▶ [Work order]
Would you print only the lines running from the one with "539 Amos Dr, Zionsville, IN, 46077-9451" to the final line of the data below, word for word and without pictures?

▶ [Given material]
----

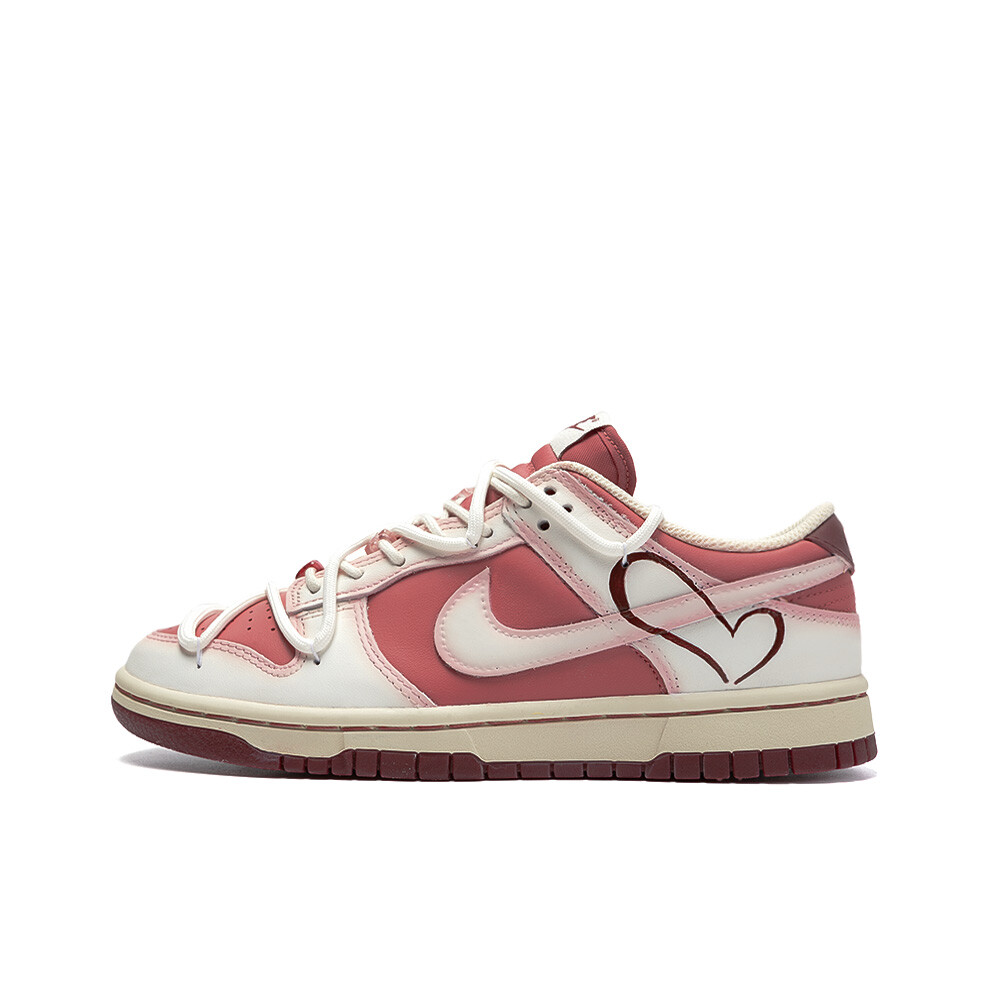 

Кроссовки Nike Dunk Lifestyle Shoes Women's Low-top White, цвет Rouge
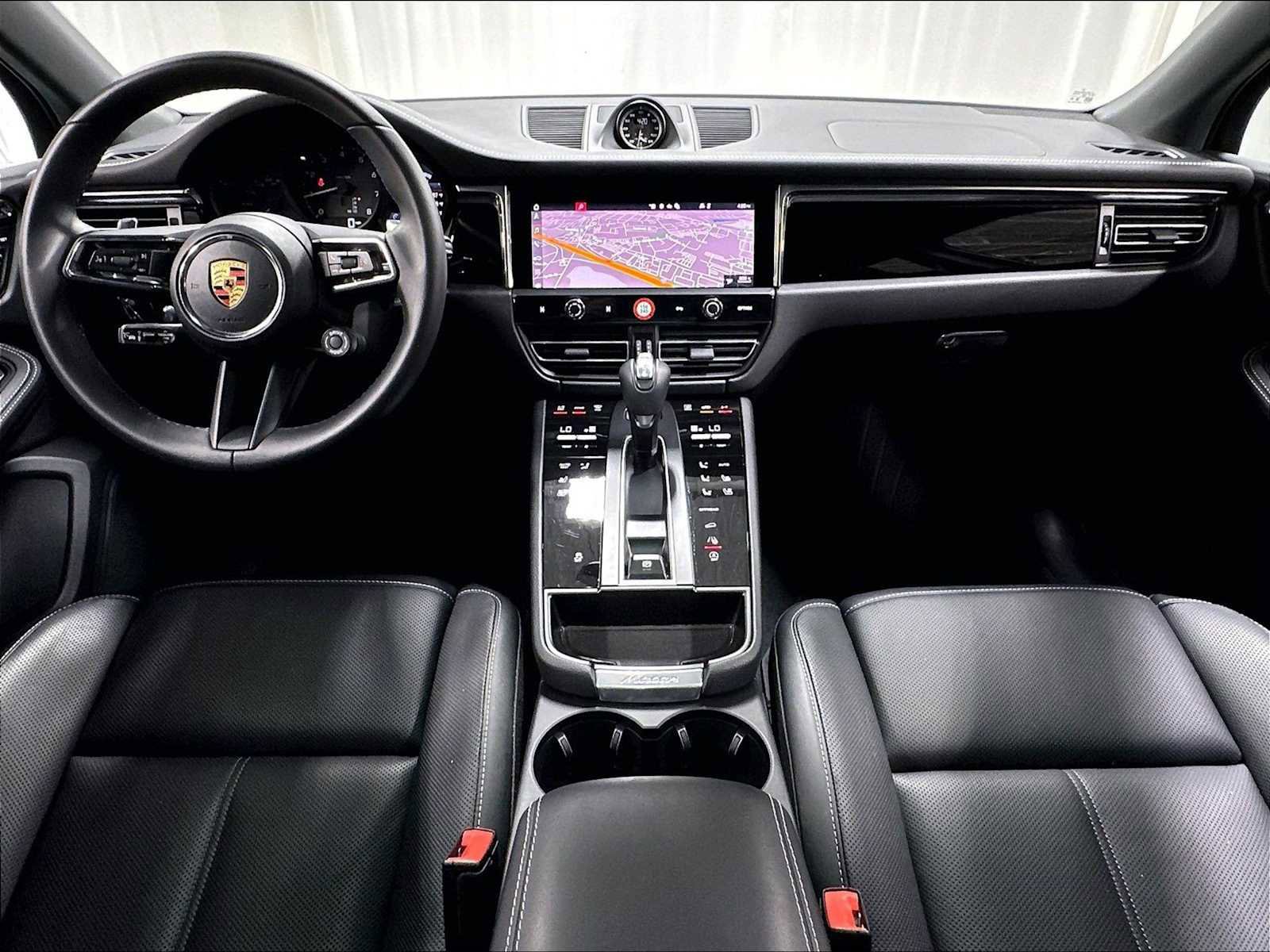 Used 2026 Porsche Macan AWD/4WD image 16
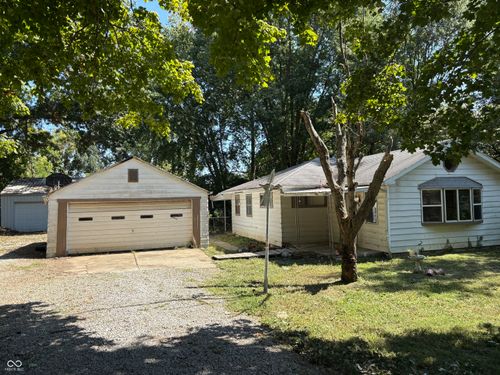 539 Amos Dr, Zionsville, IN, 46077-9451 | Card Image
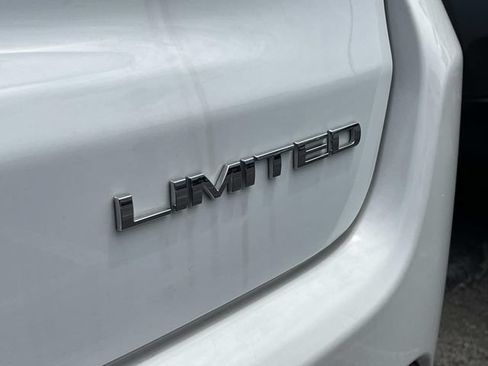 Used 2022 Jeep Compass Limited AWD/4WD image 12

----

▶ [Problem solution]
 539 Amos Dr, Zionsville, IN, 46077-9451 | Card Image
 Used 2022 Jeep Compass Limited AWD/4WD image 12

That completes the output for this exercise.